[Recorded data]
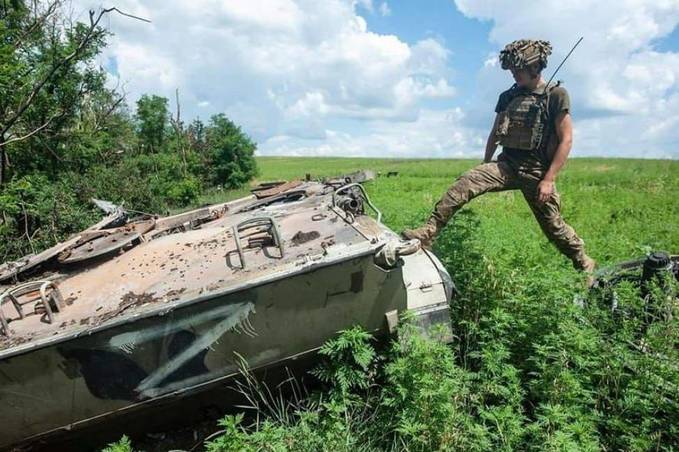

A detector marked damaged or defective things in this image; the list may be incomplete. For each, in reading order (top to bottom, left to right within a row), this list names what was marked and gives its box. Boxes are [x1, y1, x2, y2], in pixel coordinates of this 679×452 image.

destroyed armored vehicle [1, 174, 456, 448]
rusted armored hull [1, 177, 456, 448]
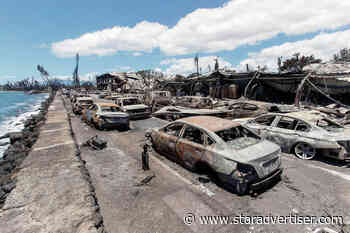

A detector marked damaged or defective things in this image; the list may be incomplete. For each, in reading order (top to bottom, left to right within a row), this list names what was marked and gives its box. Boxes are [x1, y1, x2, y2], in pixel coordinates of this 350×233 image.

burned car [73, 97, 93, 114]
rusted car body [73, 97, 94, 114]
burned car [81, 103, 129, 130]
rusted car body [81, 103, 129, 130]
charred sedan [82, 103, 130, 130]
burned car [115, 96, 151, 118]
rusted car body [115, 97, 151, 119]
burned out car door [154, 123, 185, 159]
burned out car door [176, 125, 206, 169]
burned car roof [179, 115, 239, 132]
burned car [147, 115, 282, 194]
charred sedan [147, 115, 282, 194]
rusted car body [148, 115, 282, 194]
burned car [242, 111, 350, 160]
rusted car body [242, 111, 350, 160]
charred sedan [242, 111, 350, 160]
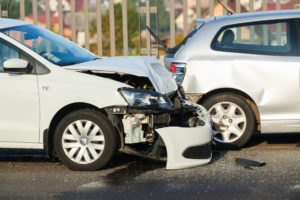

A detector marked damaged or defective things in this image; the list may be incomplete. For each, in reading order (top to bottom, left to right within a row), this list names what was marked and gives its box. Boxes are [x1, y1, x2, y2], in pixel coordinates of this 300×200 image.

damaged white car [0, 19, 212, 170]
crumpled hood [64, 55, 178, 94]
broken headlight [118, 88, 172, 108]
detached front bumper [156, 102, 212, 170]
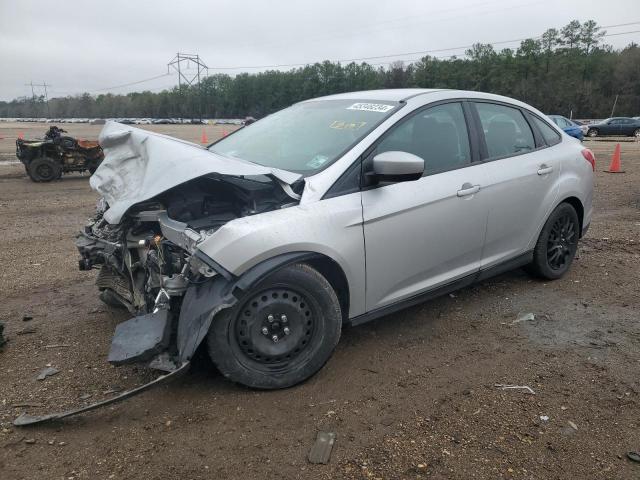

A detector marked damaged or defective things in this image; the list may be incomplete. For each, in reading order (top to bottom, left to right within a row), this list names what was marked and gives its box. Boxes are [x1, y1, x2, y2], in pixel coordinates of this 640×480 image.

crumpled hood [90, 122, 302, 223]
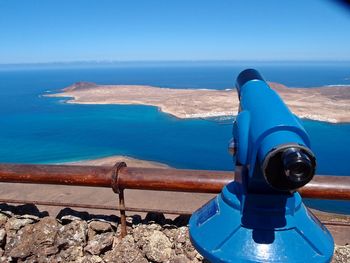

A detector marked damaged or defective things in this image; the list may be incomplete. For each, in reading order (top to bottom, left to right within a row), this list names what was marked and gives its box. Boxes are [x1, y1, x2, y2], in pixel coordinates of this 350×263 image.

rusty metal railing [0, 164, 350, 236]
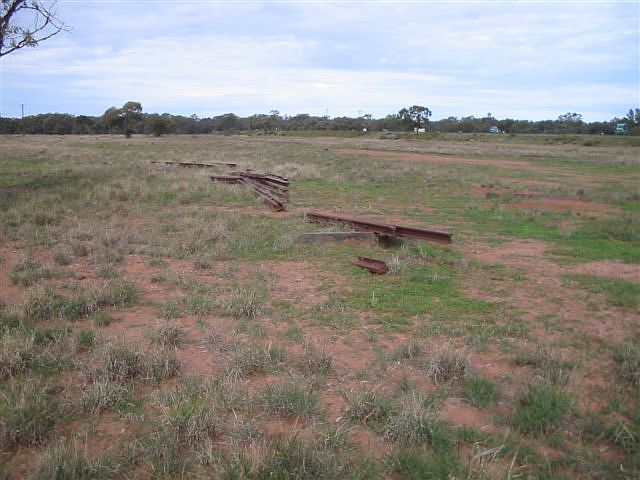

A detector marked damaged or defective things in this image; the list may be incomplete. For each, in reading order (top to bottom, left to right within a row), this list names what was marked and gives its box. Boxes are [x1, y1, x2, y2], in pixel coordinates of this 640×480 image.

rusty rail piece [210, 171, 290, 212]
rusty rail piece [306, 212, 452, 244]
rusty rail piece [356, 255, 390, 274]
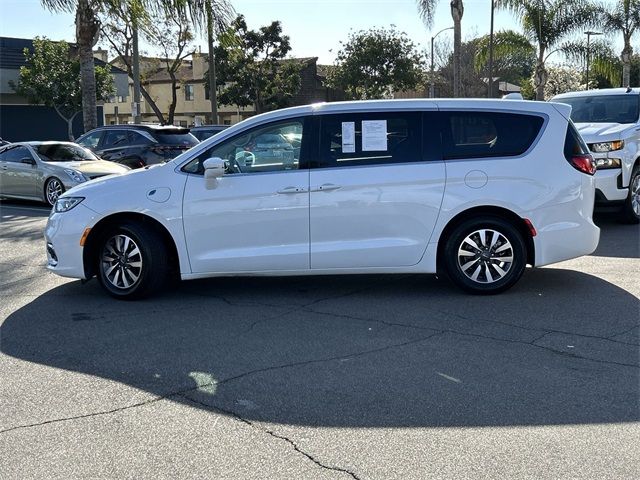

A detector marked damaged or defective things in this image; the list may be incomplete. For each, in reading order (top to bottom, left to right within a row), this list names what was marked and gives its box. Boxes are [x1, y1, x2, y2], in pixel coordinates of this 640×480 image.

pavement crack [178, 394, 362, 480]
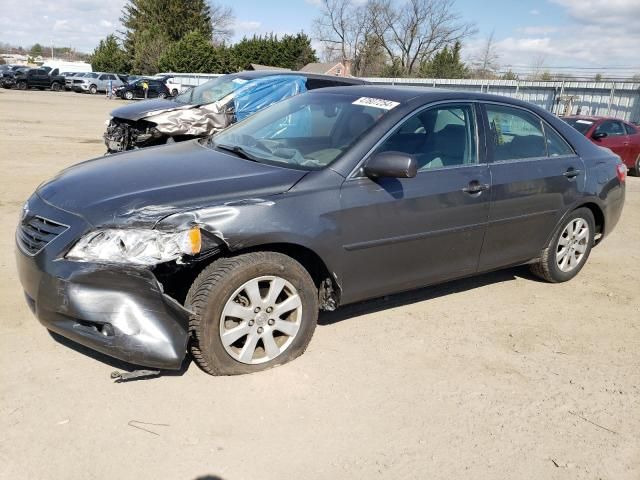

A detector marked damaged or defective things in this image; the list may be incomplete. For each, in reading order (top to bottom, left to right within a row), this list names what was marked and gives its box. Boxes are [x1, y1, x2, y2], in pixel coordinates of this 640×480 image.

wrecked silver car [104, 70, 364, 153]
damaged black sedan [105, 70, 364, 153]
damaged blue vehicle [103, 70, 368, 153]
crumpled front bumper [15, 194, 190, 368]
cracked bumper cover [15, 242, 190, 370]
damaged blue vehicle [16, 88, 624, 376]
damaged black sedan [17, 85, 628, 376]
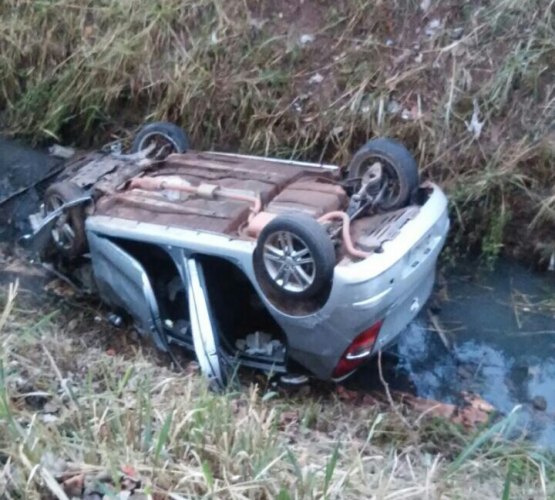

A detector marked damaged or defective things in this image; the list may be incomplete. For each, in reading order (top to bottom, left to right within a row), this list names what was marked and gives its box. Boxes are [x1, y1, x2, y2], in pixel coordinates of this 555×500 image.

overturned silver car [27, 123, 452, 388]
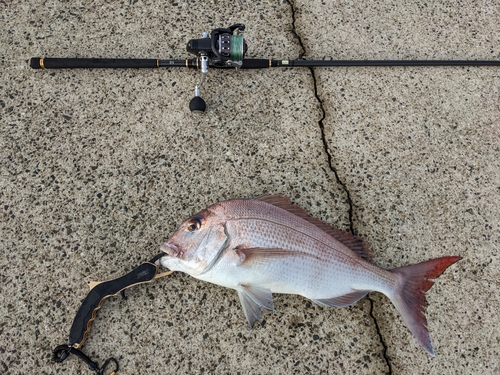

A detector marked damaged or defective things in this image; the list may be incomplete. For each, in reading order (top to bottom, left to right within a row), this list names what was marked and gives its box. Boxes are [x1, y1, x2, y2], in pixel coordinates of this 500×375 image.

crack in concrete [288, 1, 392, 374]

- _Your instructions_
Set down only the lines from the line with "this 500×375 image." through the last line of the data above, keeping both the first and the last.

- _Result below_
A detector marked damaged or defective things in this image; the list may be incomplete. For each, in reading order (top to bottom, left to right within a row), this list names what was marked and gives its box. Boxes are [x1, y1, x2, y2], in pixel coordinates of this 500×375 image.

crack in concrete [288, 1, 392, 374]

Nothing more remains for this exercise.